Enflasyonun alt kalemlerine bakacak olursak; alt grupların tamamına yakını artış göstermiş görünmektedir. Aylık bazda en çok yükselen kalemler; %6,81 ile giyim ve ayakkabı, %3,03 ile gıda ve alkolsüz içecekler ve %2,45 ile ev eşyası olmuştur. Söz konusu kalemler, manşet TÜFE’den daha fazla artış göstermişlerdir. Ulaştırma, çeşitli mal ve hizmetler ve konut fiyatları da yaklaşık %2 oranında artmıştır. Yıllık bazda Eylül ayında %13,5’ten %15’e hızlanan yıllık gıda enflasyonu, hedeflenen seviyenin üzerinde kalmakla beraber, Ekim ayında %16,5 seviyesine gelmiştir. Enerji grubu, petrol fiyatlarının düşük seyretmesine rağmen dövizdeki artış etkisiyle yüksek ve Ekim’de de %2,09’luk artış göstermiştir.

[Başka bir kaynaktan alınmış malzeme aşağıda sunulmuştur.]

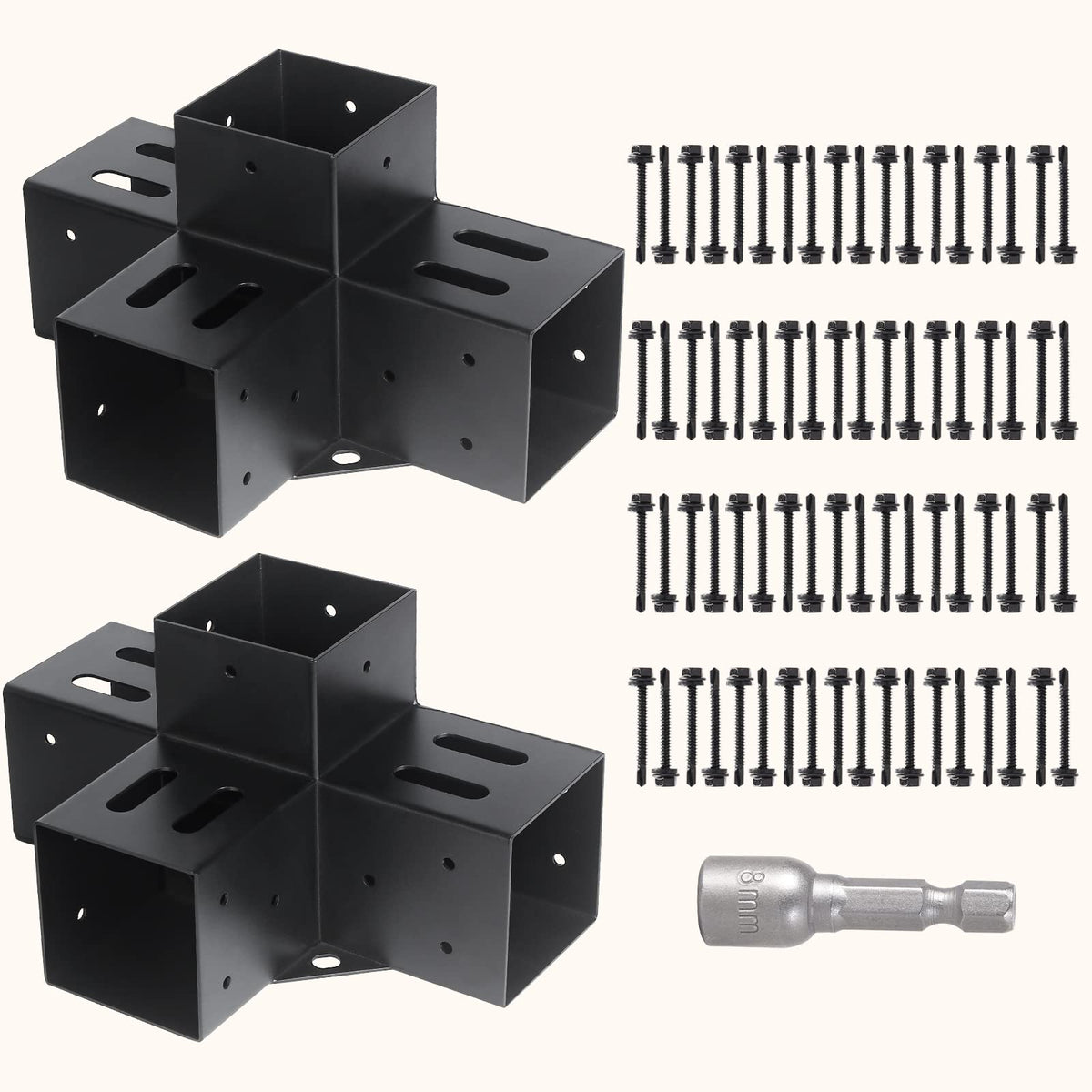 AXWHYS front view corner bracket showing solid support benefit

Gıda ve enerji gibi volatil kalemlerin dışarıda bırakıldığı çekirdek enflasyonun da artış eğilimini sürdürdüğü görülmektedir. C göstergesi Ekim ayında %1,92’lik artış ile genel TÜFE artışının biraz altında artarken, yıllık bazda da %11,5 seviyesine gelmiştir. Daha çok çekirdek enflasyon ve ÜFE üzerinde etkisini gösteren döviz kurunun gecikmeli etkisinin bundan sonraki dönemde genel fiyat artışları tarafına yansımasını ve TÜFE üzerinde yukarı baskıyı devam ettirmesini bekleriz.

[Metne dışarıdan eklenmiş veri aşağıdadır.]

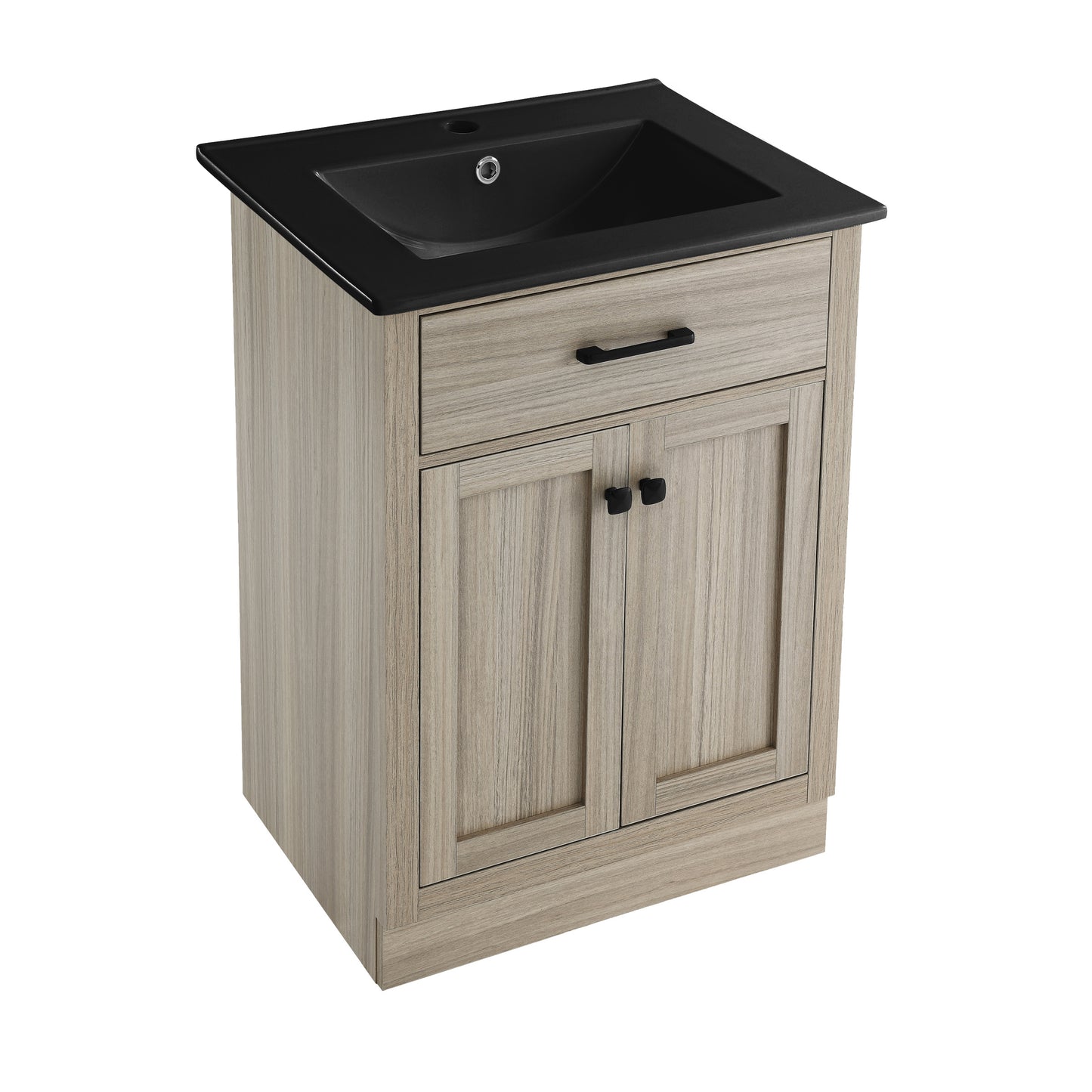 Swiss Madison, Burdon 24 in. Brown Oak Bathroom Vanity With Black Ceramic Sink Top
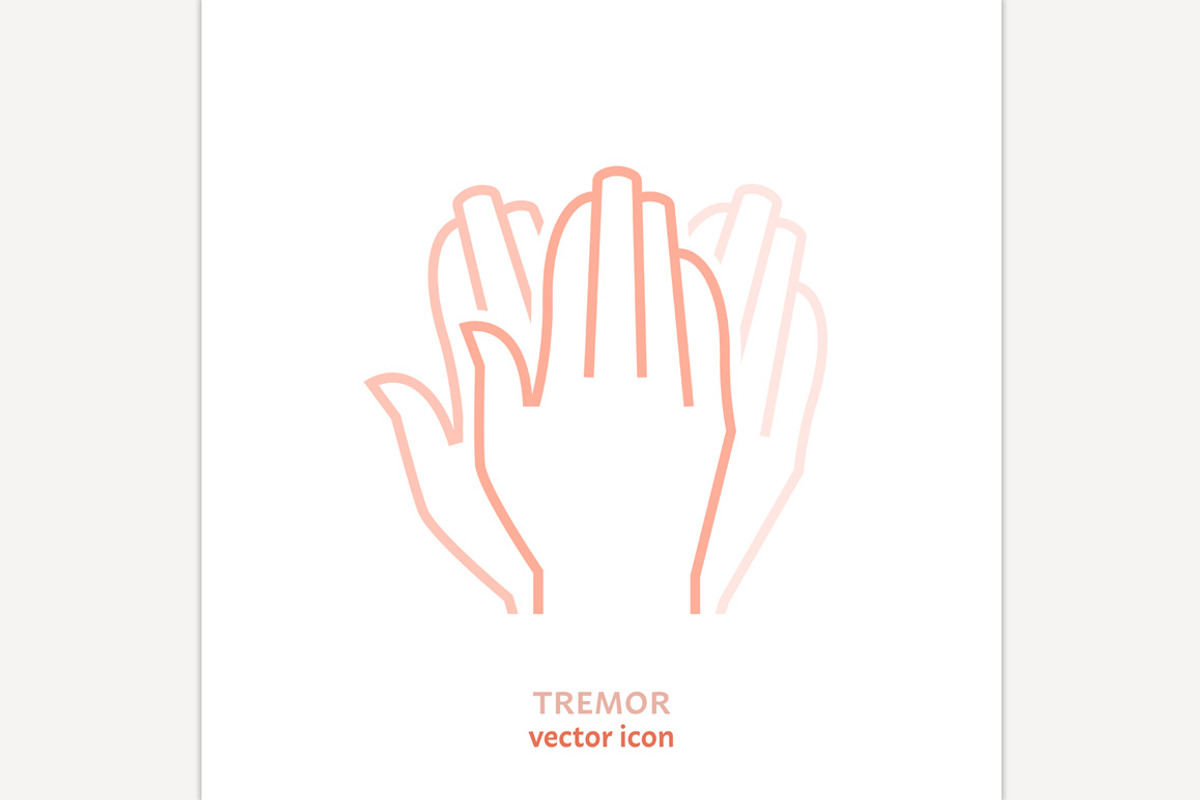 Hand tremor linear icon, pictogram, an Outline Icon by Anna's Shop
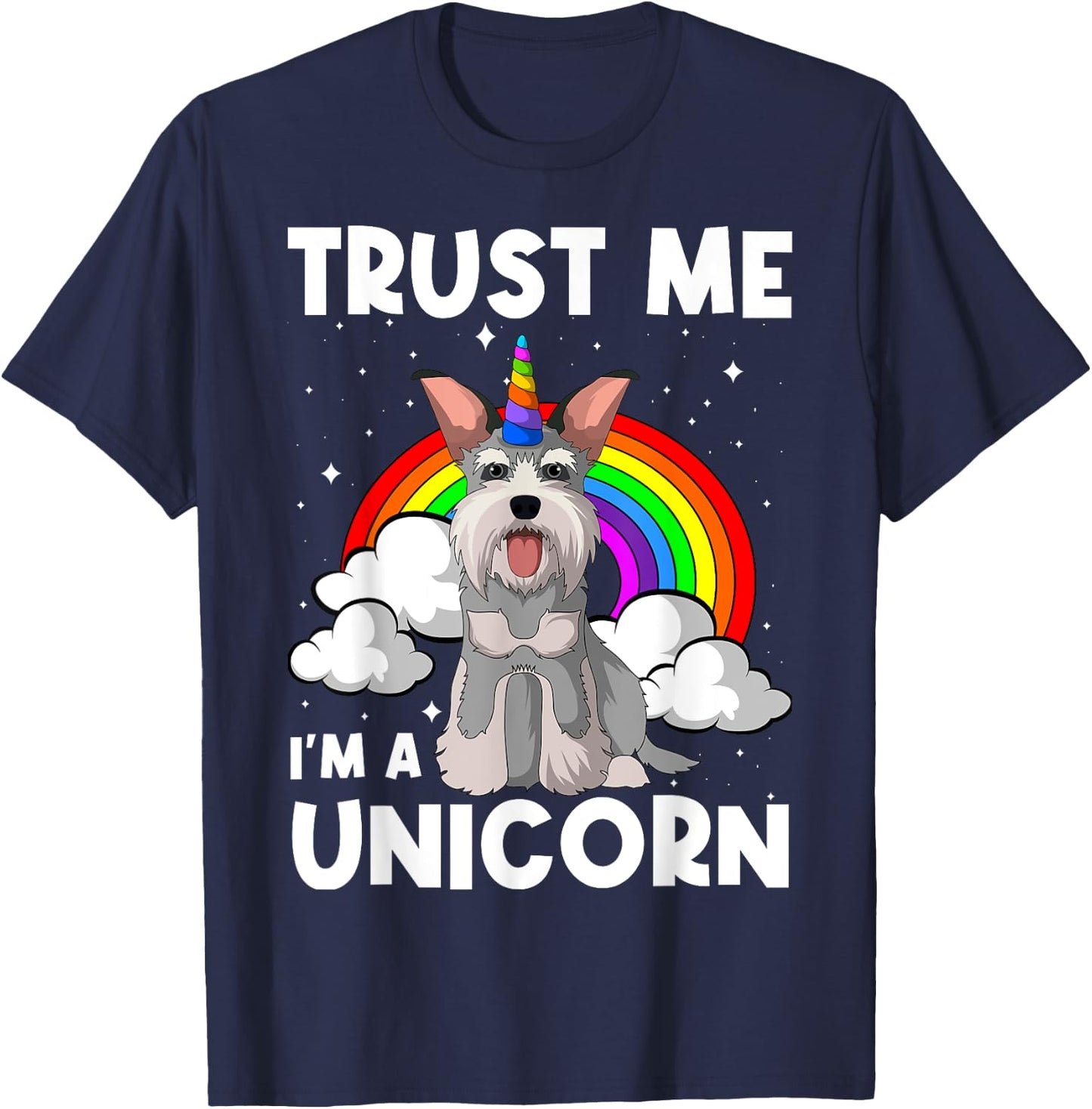 Schnauzer Unicorn Wire-Haired Pinscher Whiskered Snout Dog Men Women Girls Kids T-Shirt - T-Shirt | Navy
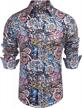 daupanzees men's paisley cotton long sleeve casual button down shirt logo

Tüketici Fiyat Endeksi (yıllık)… Kaynak: Bloomberg, TÜİK
Ekim ayı enflasyonu için kur artışından gelen etkinin fiyatlara yansımasını görme beklentisi içindeydik. %2 üzerindeki manşet TÜFE artışı, kurdan gelen etkinin artık tüketici fiyatlarının içine girmekte olduğunu gösteriyor. Ancak aynı zamanda TRY değer kaybetmeye devam ediyor ve ithalat bazlı maliyetler artmayı sürdürüyor. ÜFE’deki yüksek artış, Ekim’de de kur kaynaklı bir şekilde döviz bazlı ithalat maliyetlerinin artmasının bir sonucu olarak devam etmiş görünüyor. Nitekim %3,55’lik aylık ÜFE artışı ile beraber yıllık ÜFE de %18,2 ile TÜFE’nin oldukça üzerinde kalıyor. Ekim sonrasında da TRY’nin değer kaybının hızlı bir şekilde devam etmesi, enflasyon üzerinde ilave maliyet baskılarına neden olacaktır. Dolayısıyla yüksek ÜFE artışları, ilerleyen aylarda üreticinin üstlendiği maliyetleri tüketici tarafına da yansıtması ile beraber yüksek TÜFE artışlarına neden olacak. Döviz bazlı girdi maliyetleri nedeniyle kur artışının ilk etkilerini ÜFE’de görüyoruz ve bunun TÜFE’ye yansıması gecikmeli bir mekanizma üzerinden gerçekleşiyor. Ancak kur şokunun boyutu ve genel enflasyon eğilimine göre bu geçişkenlik süresi değişim gösterebilir.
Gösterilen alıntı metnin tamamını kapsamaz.